Couverture Règles douloureuses

Je n'avais jamais entendu parler de cet ouvrage ni même de Kopano Matlwa, son auteure. Je dois dire que c'est le titre du livre qui a attiré mon oeil lorsque je l'ai croisé sur une table de la médiathèque. J'ai trouvé le titre un peu provoc mais il me parle également tellement que j'ai eu envie de découvrir ce petit livre (160 pages, c'est un petit livre). 

Nous sommes en 2015, en Afrique du Sud. Des années durant, Masechaba a souffert de douleurs chroniques liées à une endométriose. Le sang a forgé son caractère, non seulement il a fait d'elle une personne solitaire, presque craintive, mais il l'a aussi poussé à devenir médecin. Quand débute le roman, elle est interne dans un hôpital. Dans le flux ininterrompu des patients, elle s'interroge sur sa capacité à les aimer tous, à leur donner toutes ses forces, tout son dévouement. Elle doute souvent, à l'opposé de sa meilleure amie, son modèle qui bien souvent pourtant l'ignore, voire la rudoie, Nyasha. Nyasha est zimbabwéenne, or l'Afrique du Sud vit alors une époque de racisme brutal.
Un jour, après avoir été accusée par son amie de ne pas avoir pris assez soin d'un patient étranger blessé lors d'émeutes xénophobes, elle décide de publier une pétition demandant le retour à la tolérance et à des valeurs humanistes.
En retour, elle sera violée par trois hommes, pour lui apprendre à rester à sa place.

Après la lecture de ce livre, je me rends compte que j'apprécie vraiment les publications du Serpent à plumes. Ce n'est pas le premier ouvrage qui tombe entre mes mains et à chaque fois, ça a fait mouche. Je vais les suivre de plus près je pense. C'est aussi la première auteure sud-africaine que je lis et c'est une belle découverte.

Nous faisons la connaissance de Masechaba qui vit seule avec sa mère, leurs relations sont parfois assez tendues et ça m'a surpris car je ne connais pas ce genre de tensions avec ma mère. Nous suivons la jeune femme depuis le début de son adolescence, presque depuis ses premières règles.
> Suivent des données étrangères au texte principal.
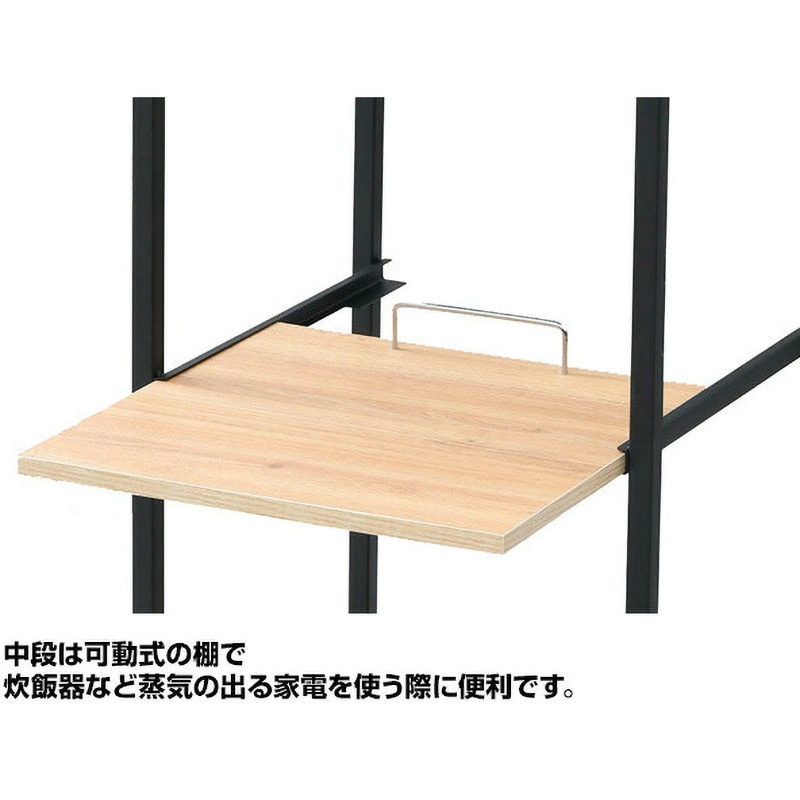 DRW-41(AIV/SWH) キッチンラック コンセント&キャスター付き YAMAZEN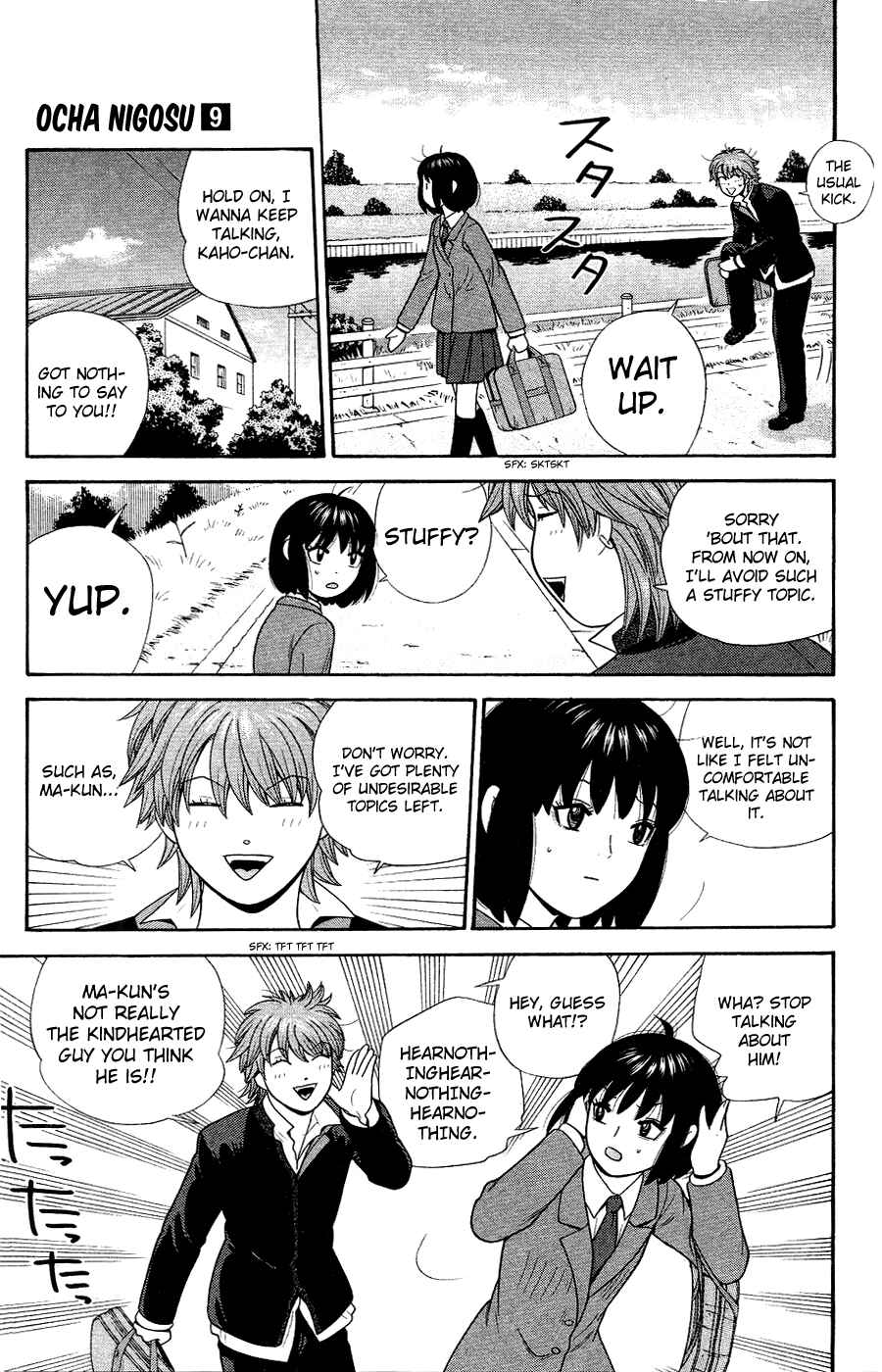 Page 7 Chapter 89 Ocha Nigosu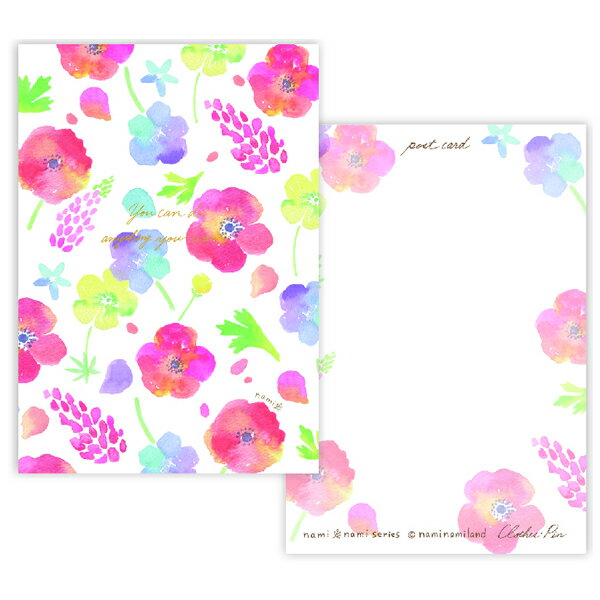 ⥸ޥåԥ󥰶㤨֥ݥȥ ԥ Clothes-Pin naminami Series ͥͤȥԥʥ PC-14372 ̥å ϥ սפβǤʤ148ߤˤʤޤ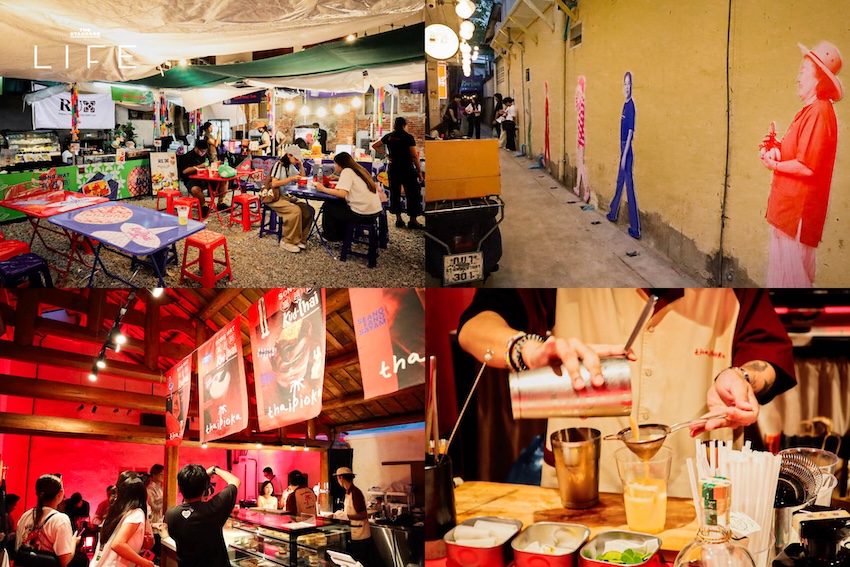 ภาพบรรยากาศผู้คนเดินเที่ยวงาน ทรงวาดคัดไทย 2569 พร้อมสะสมแสตมป์ตามจุดเช็กพอยต์ 7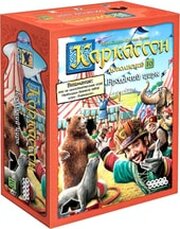 Hobby world Каркассон: Бродячий цирк фото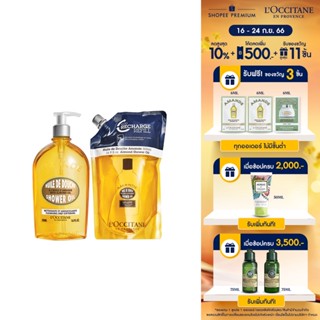 LOccitane Almond Shower Oil + Eco-Refill 500 ml. อัลมอนด์ ชาวเวอร์ออยล์ ดูโอ (เซตอัลมอนด์ล็อกซิทาน)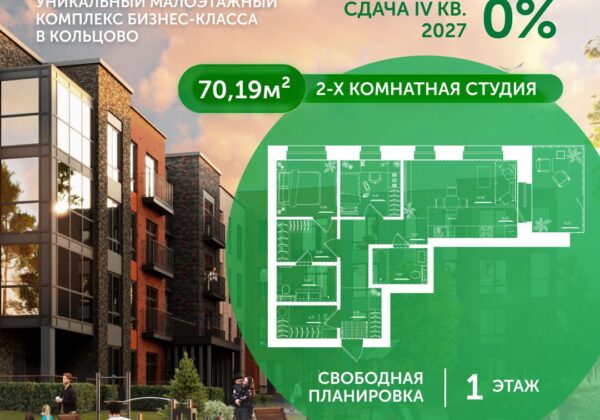 Квартира №2, дом 10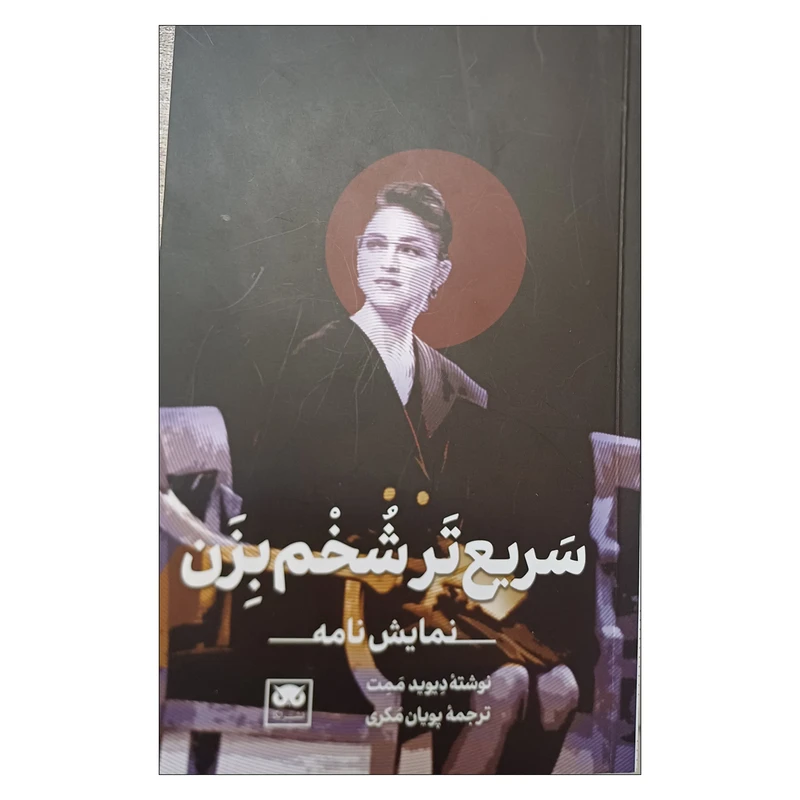 کتاب سریع تر شخم بزن اثر دیوید ممت انتشارات لگا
Comme pour beaucoup d'entre nous, son cycle menstruel est parfois un calvaire.

Mais c'est surtout son parcours dans le monde médical qui est décrit dans ce livre, elle fait des études de médecine et on se rend rapidement compte qu'être une femme noire dans une Afrique du Sud post Apartheid n'est pas simple tous les jours. J'ai découvert de nombreuses facettes de ce pays que je connais si peu. C'était très interéssant et quelque part, assez inquiétant aussi. Certains passages m'ont bien heurtés, je pense que de tels agissements ont dû avoir lieu réellement et ça fait froid dans le dos.
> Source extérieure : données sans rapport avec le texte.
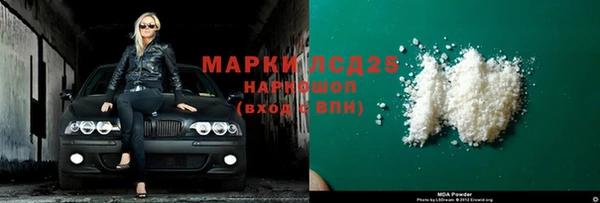 мескалин Верхний Тагил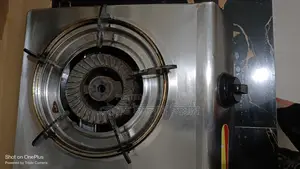 আরএফএল এর চুলা বিক্রি হবে
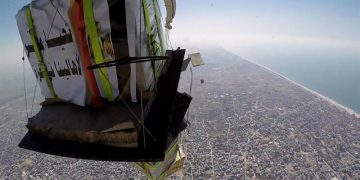 Egypt continues daily airdropping of humanitarian aid over northern Gaza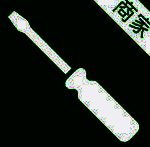 螺丝刀 商家端 V2.1.3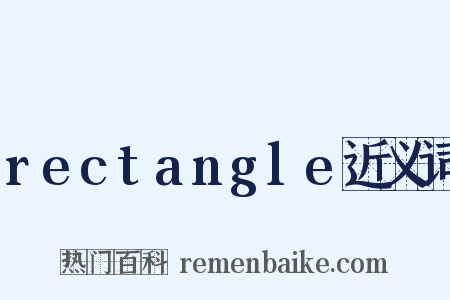 rectangle近义词是什么意思的图片
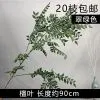 10 штук опт листья сандала зеленый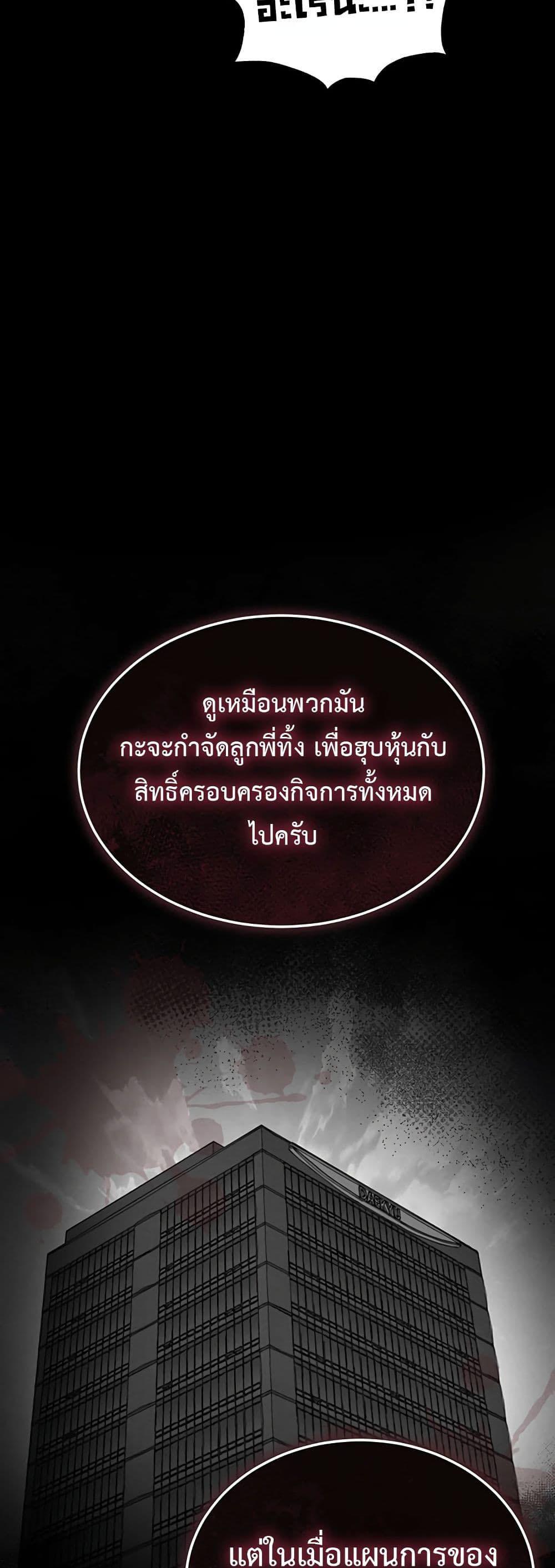 Doujin-Lc- อ่าน โดจิน มังฮวา เกาหลี ญี่ปุ่น จีน แปลไทย TS Punishment ตอนที่ 1 2 3 4 5 6 7 8 9 10 11 12 13 14 ฟรี ไม่มีโฆษณา อ่าน โดจิน Manhwa เกาหลี ญี่ปุ่น จีน เรามีครบ คัดมาให้เน้นๆ โดจิน 18+ รับประกันความฟินโดย  Doujin Lc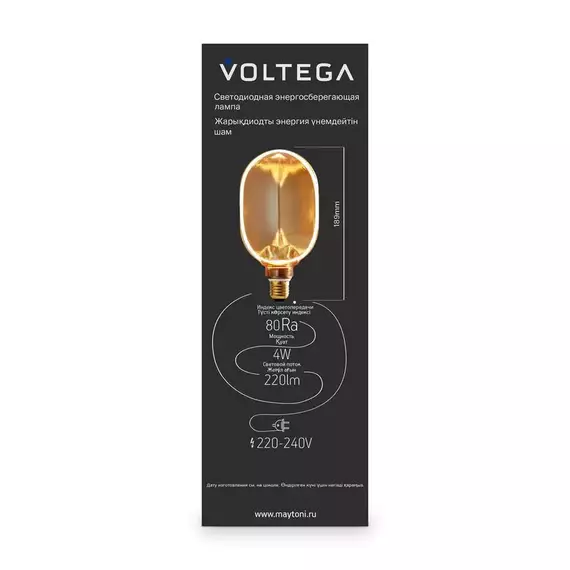 Лампа светодиодная Loft Led O100 4Вт 1800К E27 Voltega 8540, изображение 3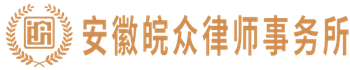 安徽皖众律师事务所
Le récit est bien écrit, c'est agréable à lire. De nombreux sujets de société y sont abordés : le racisme, la place de la femme, le viol, l'endométriose ... Je regrette peut-être que les personnages ne soient pas encore plus creusés mais en 160 pages, ça me parait difficile d'aller bien plus loin dans la psychologie. J'ai trouvé que le récit dans sa globalité était empreint de tristesse et ça m'a permis de m'attacher à Masechaba.

Une jolie découverte ...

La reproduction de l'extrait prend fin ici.